■ Given information:

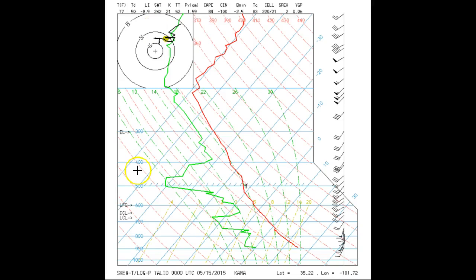Let's see how to find the lifting condensation level, the LCL. The LCL is the level where a cloud will form if the air mass near a surface is pushed upward.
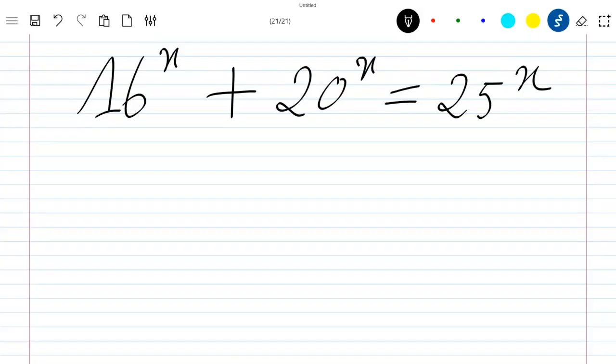Hello everybody, welcome to this new video where we are going to solve this equation. Before starting, I would like to ask you please to subscribe to the channel for more videos.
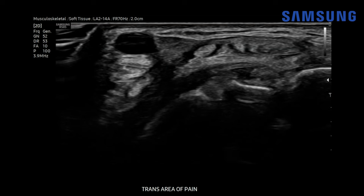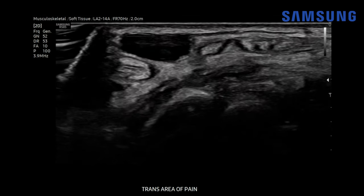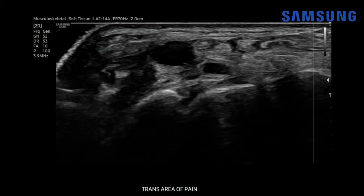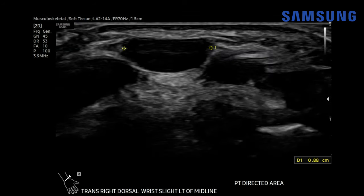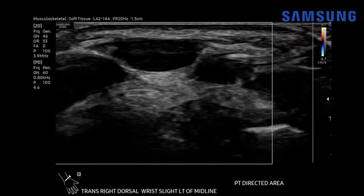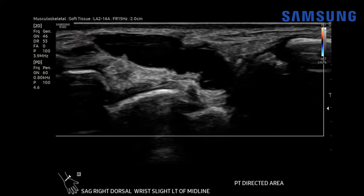Now let's turn transverse. Here's the cystic structure, and we notice that it's adjacent to the fourth compartment of the dorsal extensor tendons. As we move distally, notice this posterior acoustic enhancement because it's a fluid-filled structure. It's going more deeply towards the joint space the more distal we get. It measures about nine millimeters on transverse images. When we add color Doppler flow, we don't see any internal vascularity, transverse or sagittally.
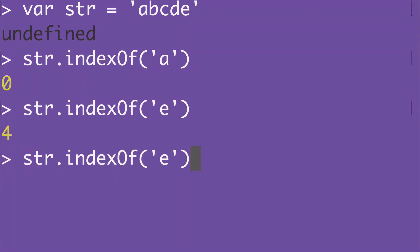Now what if we ask for the position of CDE? That returns 2, because this string starts at the third position within the larger string.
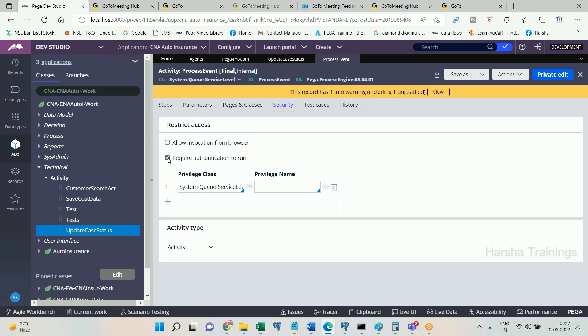To summarize: the agent is an internal background processing component associated with a schedule and an activity. In advanced mode, when the agent wakes up it directly executes the activity, completes, then goes to sleep — it is a one-time process. When calling an activity in an agent, make sure to uncheck 'requires authentication to run' on the activity and select 'bypass activity authentication' under the security tab of the agent. An access group should also be provided for an advanced agent, specifying the rule sets from which the activity is resolved. This is optional — if not provided, PRPC runs it on the default access group called 'PRPC Agents.' That covers the overall basic details about agents.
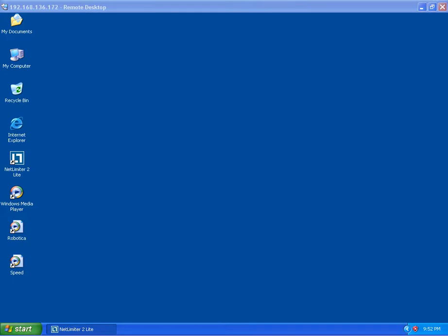The first video will be played using the standard Microsoft Remote Desktop Client connected to a Windows XP Pro Virtual Desktop. You'll notice that the video playback is very choppy.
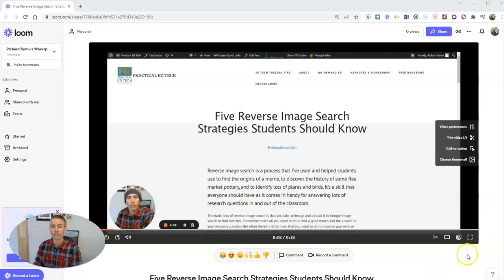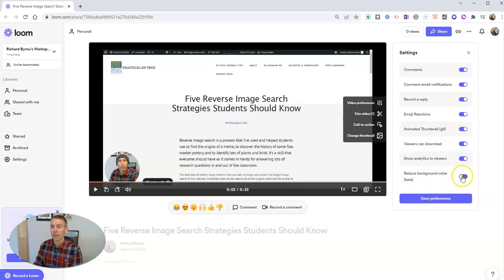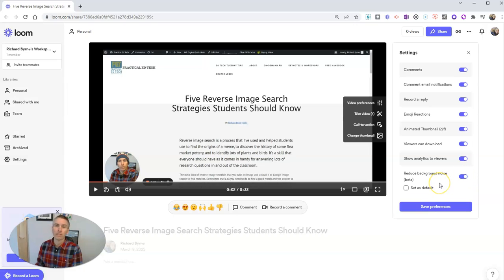So you can see my short screencast video that I made here. And on the right hand side, I'm going to select video preferences. And you'll see that there's now a new option — it's still in beta — to reduce background noise.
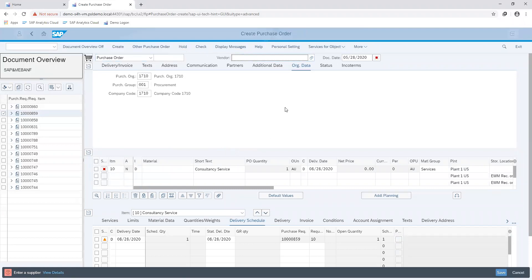You can see from here on my screen that the information has been adopted from the purchase requisition that was created from our network.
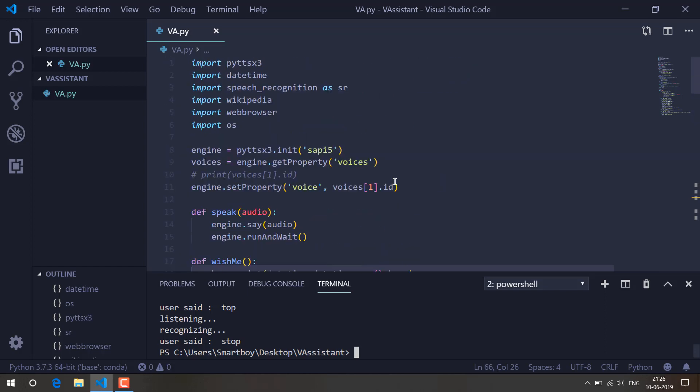In the next video we are going to see how we can build our own virtual assistant using Python. Thank you guys for watching, see you soon.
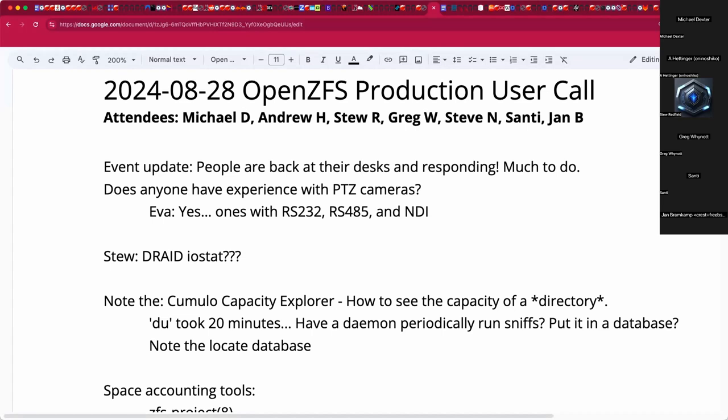Welcome. This is the August 28th open ZFS production user call. We have Andrew, Stu, Greg, Steve, Asante, Jan, and myself, Michael. People are back at their desks, so I am kicking into high gear on the upcoming user and developer summit event over the last few weeks of August.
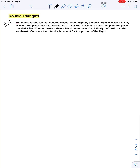Here's our first example. The record for the longest nonstop closed-circuit flight by a model airplane was set in Italy in 1986. The plane flew a total distance of 1,239 kilometers. Assume that at some point the plane traveled 1.25 × 10³ meters to the east, then 1.25 × 10³ meters to the north, and finally 1.0 × 10³ meters to the southeast. I'll use different colors for the different vectors to make it clear where all the math work parts come from.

■ What you have to do:
Look back at the data above, then output exactly the lines from the line holding "Now let's turn" up to and including the line holding "So you can see". Leave out the pictures.

■ Output for this task:
Now let's turn transverse. Here's the cystic structure, and we notice that it's adjacent to the fourth compartment of the dorsal extensor tendons. As we move distally, notice this posterior acoustic enhancement because it's a fluid-filled structure. It's going more deeply towards the joint space the more distal we get. It measures about nine millimeters on transverse images. When we add color Doppler flow, we don't see any internal vascularity, transverse or sagittally.
Now what if we ask for the position of CDE? That returns 2, because this string starts at the third position within the larger string.
To summarize: the agent is an internal background processing component associated with a schedule and an activity. In advanced mode, when the agent wakes up it directly executes the activity, completes, then goes to sleep — it is a one-time process. When calling an activity in an agent, make sure to uncheck 'requires authentication to run' on the activity and select 'bypass activity authentication' under the security tab of the agent. An access group should also be provided for an advanced agent, specifying the rule sets from which the activity is resolved. This is optional — if not provided, PRPC runs it on the default access group called 'PRPC Agents.' That covers the overall basic details about agents.
The first video will be played using the standard Microsoft Remote Desktop Client connected to a Windows XP Pro Virtual Desktop. You'll notice that the video playback is very choppy.
So you can see my short screencast video that I made here. And on the right hand side, I'm going to select video preferences. And you'll see that there's now a new option — it's still in beta — to reduce background noise.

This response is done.